Benchmark 2 simulates data visualization with game metadata and user engagement records. which is a typical query that stresses both CPU and I/O. With two commonly used datasets and queries frequently used in Tableau and Dundas respectively, the queries select all columns with a date filtering condition, followed by GROUP BY and ORDER BY of the date. In this test, we intentionally disabled Alluxio metadata caching which already shows significant improvement, to understand how data caching helps here.

Result: Without metadata caching, Presto with Alluxio is 2.75x faster than S3 with the Dundas dataset and 5.1x faster with the Tableau dataset.

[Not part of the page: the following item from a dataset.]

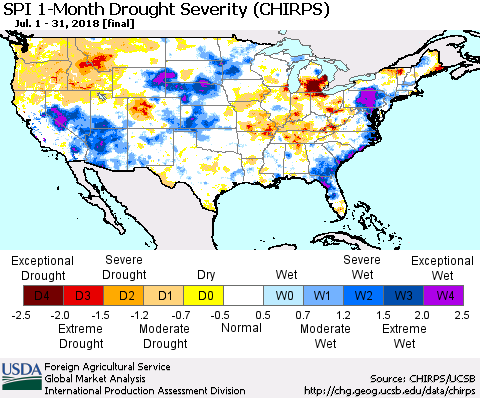 United States SPI 1-Month Drought Severity (CHIRPS) Thematic Map For 7/1/2018 - 7/31/2018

Benchmark 3 simulates our dashboarding use case using a dataset with a large number of small files. The datasets are batches of 2MB files, totalling to 50, 500, and 5000 files. The query used is a select query aggregating the number of entries for each date.

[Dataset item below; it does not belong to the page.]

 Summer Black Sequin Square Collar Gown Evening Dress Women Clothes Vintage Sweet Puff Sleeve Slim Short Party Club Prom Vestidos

Result: Alluxio with metadata caching is 1.2x to 5.9x faster than S3. Without metadata caching, Alluxio is only 1x to 1.35x faster. Enabling metadata caching significantly reduces the execution time by memorizing metadata, recognizing hot data and increasing replicas.

Benchmark 4 simulates the conversational bot. The dataset used was a snapshot of daily game performance. The query contains multiple stages of calculation to simulate a CPU intensive query. It converts an integer field into HyperLogLog, merges it, and selects the cardinality. The results are filtered by an integer and varchar field.

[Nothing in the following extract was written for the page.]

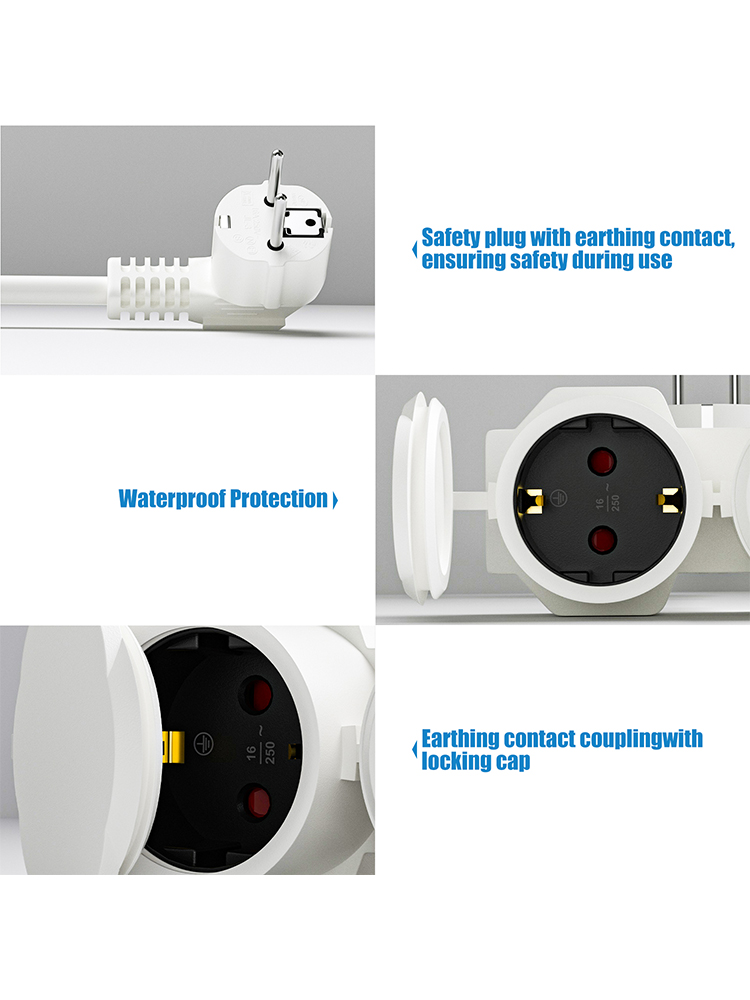 EU Extension Cable with 2 Schu - огляд і ціна Outdoor Power Socket Cover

Result: Alluxio without metadata caching shortens the timespan from 85.2 seconds to 3 seconds, which improves the performance as much as 27x.

Conclusion

This blog explores an innovative platform with Presto as the computing engine and Alluxio as a data orchestration layer between Presto and S3 storage, to support online services with instantaneous response within the gaming industry. We evaluated this platform with real industrial examples of data visualization, dashboarding, and a conversational chatbot. Our preliminary results show that Presto with Alluxio outperforms S3 significantly in all cases. In particular, Alluxio with metadata caching shows up to 5.9x performance gain when handling large numbers of small files. Alluxio enables the separation of storage and compute by managing the allocated ephemeral disks to cache data from S3 local to Presto. Advanced cache management with an asymmetric number of replicas for hot vs. cold data accounts for performance gains in each scenario we tested.